Payments will be simplified, contracts streamlined and a number of data returns and audit requirements will be eliminated.
Mr Hayes said that firms that contract directly with the Government to train apprentices will now benefit from simplified payment, reporting and assessment requirements.
They will also receive better guidance to help them manage the recruitment, training and assessment of apprentices more efficiently and cost effectively.
Business Secretary Vince Cable said:
“Apprenticeships are proving an increasingly effective training route for young people and companies. They are a proven way to fill skills gaps in our economy. That’s why we are boosting the number of apprenticeships and putting them at the heart of our Skills for Growth strategy.
“But for far too long too many businesses have been put off by overly complex procedures and unnecessary layers of paperwork.
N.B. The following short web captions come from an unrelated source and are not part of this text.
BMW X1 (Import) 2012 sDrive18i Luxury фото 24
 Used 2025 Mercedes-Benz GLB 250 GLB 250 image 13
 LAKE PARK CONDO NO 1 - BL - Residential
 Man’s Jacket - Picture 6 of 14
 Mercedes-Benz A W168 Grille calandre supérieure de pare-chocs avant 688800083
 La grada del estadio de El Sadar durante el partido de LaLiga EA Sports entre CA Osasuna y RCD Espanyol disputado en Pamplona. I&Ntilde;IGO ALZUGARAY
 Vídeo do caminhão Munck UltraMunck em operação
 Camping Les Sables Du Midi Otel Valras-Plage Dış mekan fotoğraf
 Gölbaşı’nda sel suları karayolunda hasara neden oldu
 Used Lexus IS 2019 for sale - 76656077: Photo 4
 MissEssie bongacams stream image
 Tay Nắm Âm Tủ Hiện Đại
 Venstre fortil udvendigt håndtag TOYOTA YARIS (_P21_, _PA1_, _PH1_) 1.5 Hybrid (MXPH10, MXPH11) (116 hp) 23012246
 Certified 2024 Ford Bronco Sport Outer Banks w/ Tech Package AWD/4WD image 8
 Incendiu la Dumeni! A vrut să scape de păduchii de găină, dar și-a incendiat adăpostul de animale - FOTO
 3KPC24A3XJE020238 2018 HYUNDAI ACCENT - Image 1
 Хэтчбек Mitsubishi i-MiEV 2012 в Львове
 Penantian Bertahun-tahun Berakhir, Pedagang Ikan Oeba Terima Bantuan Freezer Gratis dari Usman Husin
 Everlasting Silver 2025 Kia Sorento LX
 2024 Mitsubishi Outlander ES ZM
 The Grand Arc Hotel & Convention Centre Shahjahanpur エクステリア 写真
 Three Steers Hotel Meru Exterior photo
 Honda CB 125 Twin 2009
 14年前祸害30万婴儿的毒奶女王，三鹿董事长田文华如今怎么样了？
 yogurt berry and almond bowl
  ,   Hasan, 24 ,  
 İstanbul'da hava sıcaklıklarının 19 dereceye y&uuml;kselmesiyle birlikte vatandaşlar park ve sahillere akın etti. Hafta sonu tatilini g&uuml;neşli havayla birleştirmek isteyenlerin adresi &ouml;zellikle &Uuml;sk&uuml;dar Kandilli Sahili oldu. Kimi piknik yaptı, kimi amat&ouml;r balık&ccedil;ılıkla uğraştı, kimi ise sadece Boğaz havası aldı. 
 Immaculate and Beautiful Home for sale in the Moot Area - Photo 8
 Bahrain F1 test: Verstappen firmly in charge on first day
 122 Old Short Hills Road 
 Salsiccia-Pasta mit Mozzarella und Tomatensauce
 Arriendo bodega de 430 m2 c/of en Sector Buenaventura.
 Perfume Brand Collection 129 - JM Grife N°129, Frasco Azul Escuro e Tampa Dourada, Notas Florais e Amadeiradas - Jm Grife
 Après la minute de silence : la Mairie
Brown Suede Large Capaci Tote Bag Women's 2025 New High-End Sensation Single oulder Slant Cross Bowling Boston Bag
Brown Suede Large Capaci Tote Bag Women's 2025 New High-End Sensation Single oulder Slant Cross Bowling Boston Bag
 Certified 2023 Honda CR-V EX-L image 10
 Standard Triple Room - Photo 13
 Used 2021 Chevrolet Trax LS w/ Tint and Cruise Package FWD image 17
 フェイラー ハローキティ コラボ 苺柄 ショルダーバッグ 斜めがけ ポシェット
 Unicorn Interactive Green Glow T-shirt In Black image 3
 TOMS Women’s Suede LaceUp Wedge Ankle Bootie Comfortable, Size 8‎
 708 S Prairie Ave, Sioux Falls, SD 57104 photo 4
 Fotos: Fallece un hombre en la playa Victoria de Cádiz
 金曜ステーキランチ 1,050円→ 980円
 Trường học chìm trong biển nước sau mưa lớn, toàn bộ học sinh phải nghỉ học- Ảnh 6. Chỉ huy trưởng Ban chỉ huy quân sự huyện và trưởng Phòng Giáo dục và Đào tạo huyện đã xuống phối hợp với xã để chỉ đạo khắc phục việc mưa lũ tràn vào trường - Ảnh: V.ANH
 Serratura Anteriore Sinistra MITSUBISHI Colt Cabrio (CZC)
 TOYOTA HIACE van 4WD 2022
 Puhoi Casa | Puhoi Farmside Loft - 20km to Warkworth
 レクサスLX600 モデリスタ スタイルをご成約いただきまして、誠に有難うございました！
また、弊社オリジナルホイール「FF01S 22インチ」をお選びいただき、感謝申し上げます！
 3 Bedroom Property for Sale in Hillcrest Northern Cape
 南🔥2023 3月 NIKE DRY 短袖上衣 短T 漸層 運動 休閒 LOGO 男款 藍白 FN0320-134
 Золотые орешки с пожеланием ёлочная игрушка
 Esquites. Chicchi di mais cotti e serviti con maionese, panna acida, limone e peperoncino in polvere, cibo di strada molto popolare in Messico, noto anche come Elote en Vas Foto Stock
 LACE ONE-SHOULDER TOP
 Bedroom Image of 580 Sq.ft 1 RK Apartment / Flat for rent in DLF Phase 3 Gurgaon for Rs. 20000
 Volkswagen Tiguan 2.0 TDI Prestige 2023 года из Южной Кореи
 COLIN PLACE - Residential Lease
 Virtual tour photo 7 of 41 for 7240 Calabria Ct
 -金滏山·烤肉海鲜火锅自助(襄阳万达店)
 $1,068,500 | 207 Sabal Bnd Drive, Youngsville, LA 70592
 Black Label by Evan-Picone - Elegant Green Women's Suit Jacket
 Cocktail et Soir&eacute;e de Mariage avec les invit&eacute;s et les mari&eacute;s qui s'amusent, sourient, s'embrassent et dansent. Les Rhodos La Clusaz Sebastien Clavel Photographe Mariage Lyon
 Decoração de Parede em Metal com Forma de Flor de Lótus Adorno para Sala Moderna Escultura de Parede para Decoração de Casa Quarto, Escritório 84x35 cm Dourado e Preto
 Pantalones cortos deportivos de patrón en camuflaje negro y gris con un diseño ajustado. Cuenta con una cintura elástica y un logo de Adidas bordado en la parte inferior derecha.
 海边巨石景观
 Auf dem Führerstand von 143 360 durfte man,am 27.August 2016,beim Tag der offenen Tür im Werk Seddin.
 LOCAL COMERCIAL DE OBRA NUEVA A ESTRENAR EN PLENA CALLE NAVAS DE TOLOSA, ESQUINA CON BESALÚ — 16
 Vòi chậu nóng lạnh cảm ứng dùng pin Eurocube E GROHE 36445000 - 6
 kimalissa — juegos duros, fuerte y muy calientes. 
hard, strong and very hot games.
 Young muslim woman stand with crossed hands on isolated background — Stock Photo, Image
We’ve worked with business to cut bureaucracy and ensure the benefits for employers, learners and the economy are maximised”.
Action plan for cutting red tape
Announcing the measures at a summit hosted by the CBI today, Mr Hayes said:
“I’m determined that more employers and learners than ever should have the opportunity to benefit from our unprecedented investment in apprenticeships. Where red tape and bureaucracy deters employers from taking on apprentices, we’ll sweep it away.
“That will give more firms access to the skills they need to thrive, creating new jobs and new growth, and it will give many more individuals better prospects and the chance to gain a real stake in society.”
Measures for cutting red tape for employers include:
- A pilot for over 20 large employers who have volunteered to trial “payment by outcomes” which will eliminate a number of data returns and audit requirements.
- Providing an online plain-English toolkit for employers that clearly explains the end-to-end processes employers need to undertake for apprenticeships.
- Streamlining contracting arrangements.
- A commitment to no “in year” changes to contracting arrangements.
- A more proportionate approach to audit and inspection - reducing preparation time for employers.
- Greater use of electronic information, thus reducing paperwork.
- A more streamlined certification process.
These measures follow the recommendations of a review led by the Employer Reference Group, the Confederation of British Industry (CBI) and large companies, including BT and TUI Travel.
Susan Anderson, the CBI’s director for education and skills policy, said: “Cutting bureaucracy will support even more businesses to become involved and these recommendations set out the right path for reform.
“They recognise that employers are primarily concerned with the day-to-day running of their businesses, and that they are committed to offering high quality training as their reputation and business success depends on this.”